The Person You Are REALLY Angry At
I always find it interesting when a client comes in very angry at someone else. Real anger or rage directed toward someone else; either for something that has happened, or a perceived insult. Nine times out of ten, when they really look at why they are angry a big part of it is anger at self, or at some part they have played in what has happened. Most of the time it’s not setting a boundary when they should have.
The worst part of any issue is the upset you feel at yourself, which often gets directed at someone else without you even realizing these feelings are about your own actions. For example, a person makes the following comment after being very angry when his mother showed up drunk to a family event
“I shouldn’t let my mom come to family events, it always turns out badly.”
“I wasn’t even going to invite her because no matter what she says, she always does this. I keep believing her when she claims she has changed.”
In this example, the client is angrier at himself for falling for his alcoholic mother’s story than he is at her for just doing what an alcoholic does.
“I am so angry at my sister for not helping me take care of our sick father. It’s not fair I do everything.”
In this case, the client is angry at herself for taking on her father’s care when he is capable of hiring help. This added burden has caused great conflict in the family.
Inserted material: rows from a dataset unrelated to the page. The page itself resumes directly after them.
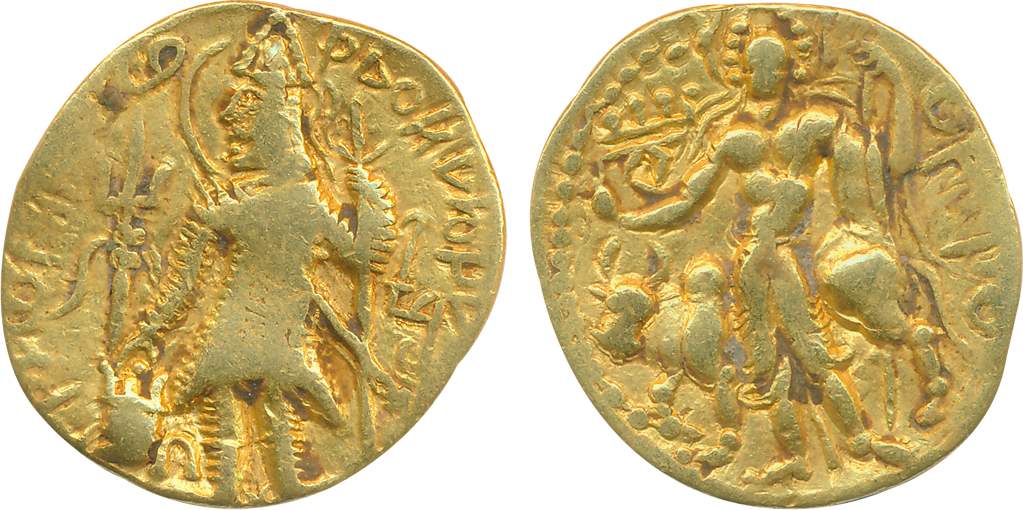 Kushans, Kanishka III, Gold Dinar, 7.60g, Obv: King standing facing left, surround by halo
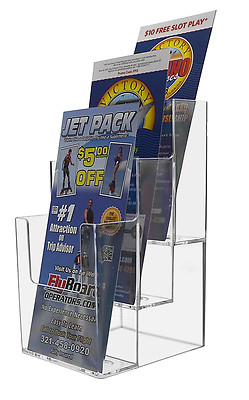 3 Pocket Tri Fold Brochure Holder for 4 W Pamphlet Maps Menu Wall or Table Rack 
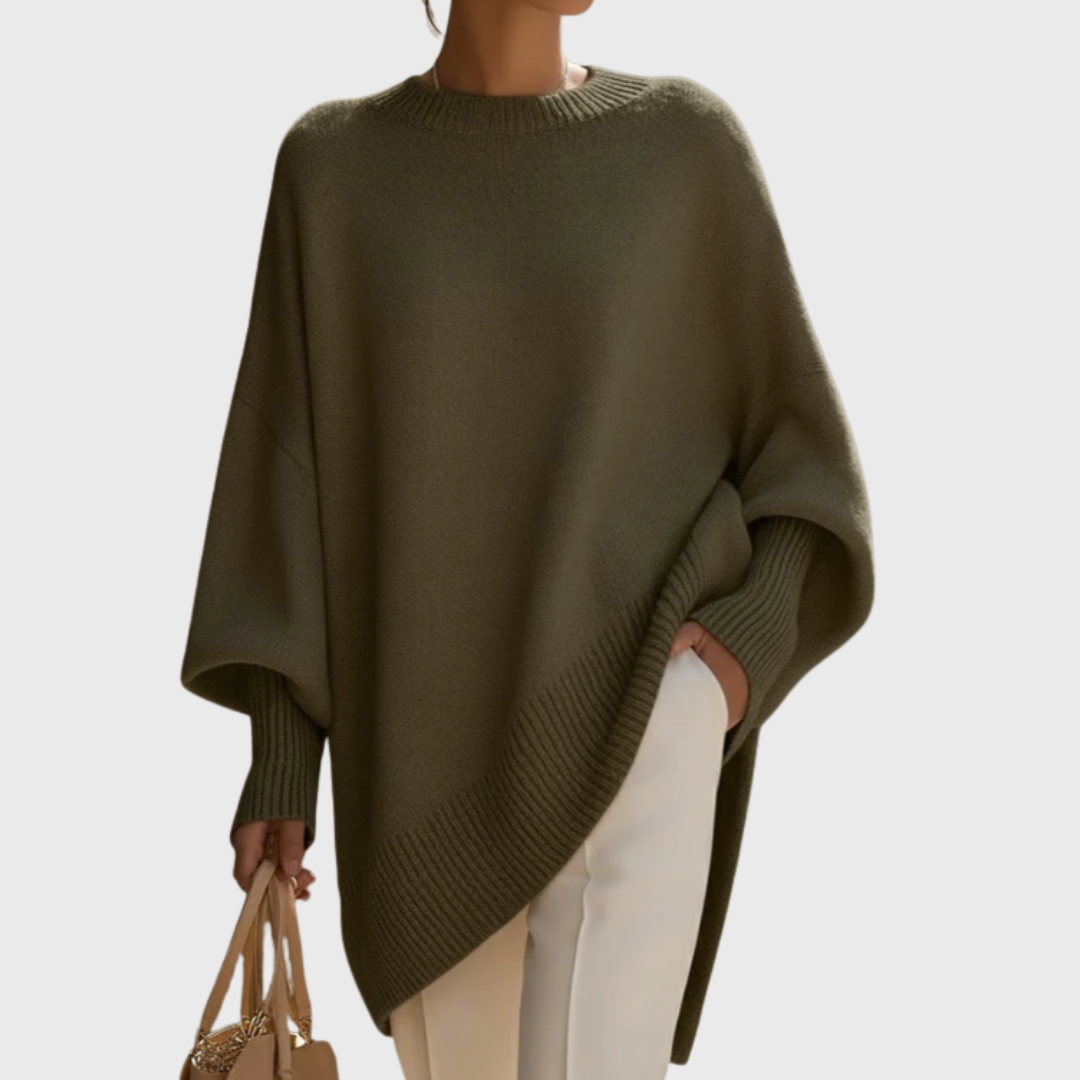 Poncho Knit Asymmetric Jumper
Instead, she must learn to be a bit more like her sister and set boundaries by saying “no more.”
When you feel extreme rage at someone, take a moment to stop and look at the possibility that you may be angry at yourself for part of the situation. Ask yourself:
“Did I fail to set a boundary when I should have?”
“Should I have said no to something that I said “yes” to?”
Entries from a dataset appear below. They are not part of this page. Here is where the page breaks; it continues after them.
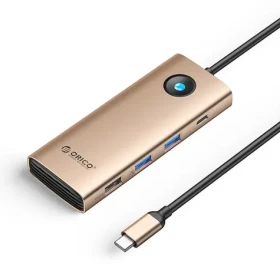 Orico USB-C hub 8v1 (Orico PW11-8PC-RG-EP) / USB-C hub / USB-C PD 100W / HDMI 4K 60Hz / VGA 1080p 60Hz / RJ45 Gigabit (ORICO-PW11-8PC-RG-EP)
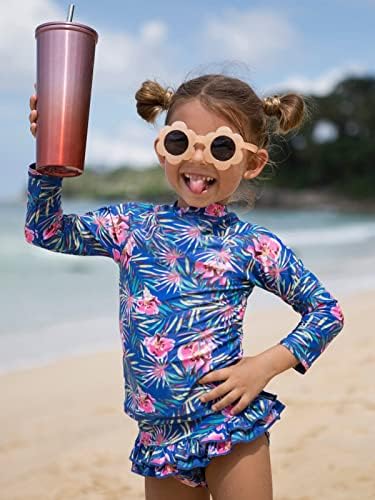 ביקינקס בנות שומר פריחה 3T 2 חתיכות בגד ים סט שרוול ארוך הדפס פרחוני ביקיני עם UPF 50+ טנקי הגנה מפני שמש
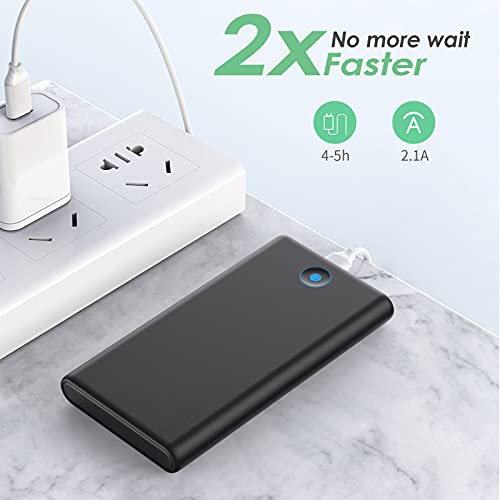 FOCHEW Portable Charger, 2-Pack 20000mAh Power Bank Ultra Slim Fast Charging External Battery Pack with Dual USB Outputs Compatible with iPhone 13/12 Pro/12/11/XR/X, Samsung S20, Tablet etc.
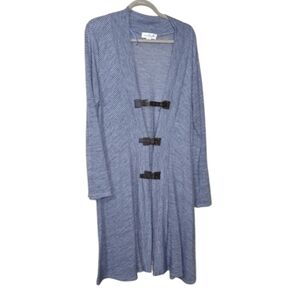 Simply Noelle Striped Cardigan Sweater Buckle Strap Closure Blue Tunic Women XXL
“What can I do differently in the future to prevent this from happening again?”
Taking a moment to reflect and do an honest assessment of what really happened is not only very healing, but it helps you grow greatly as a person and takes the edge off the rage.
Some People WILL take advantage of situations if you let them. Unfortunately, it’s in some people’s nature, just the way it’s in a wild animal’s nature to bite. Know this, and adjust your behavior accordingly.
Love yourself enough to do the hard work of healing, and know that it’s best for everyone if clear boundaries are set.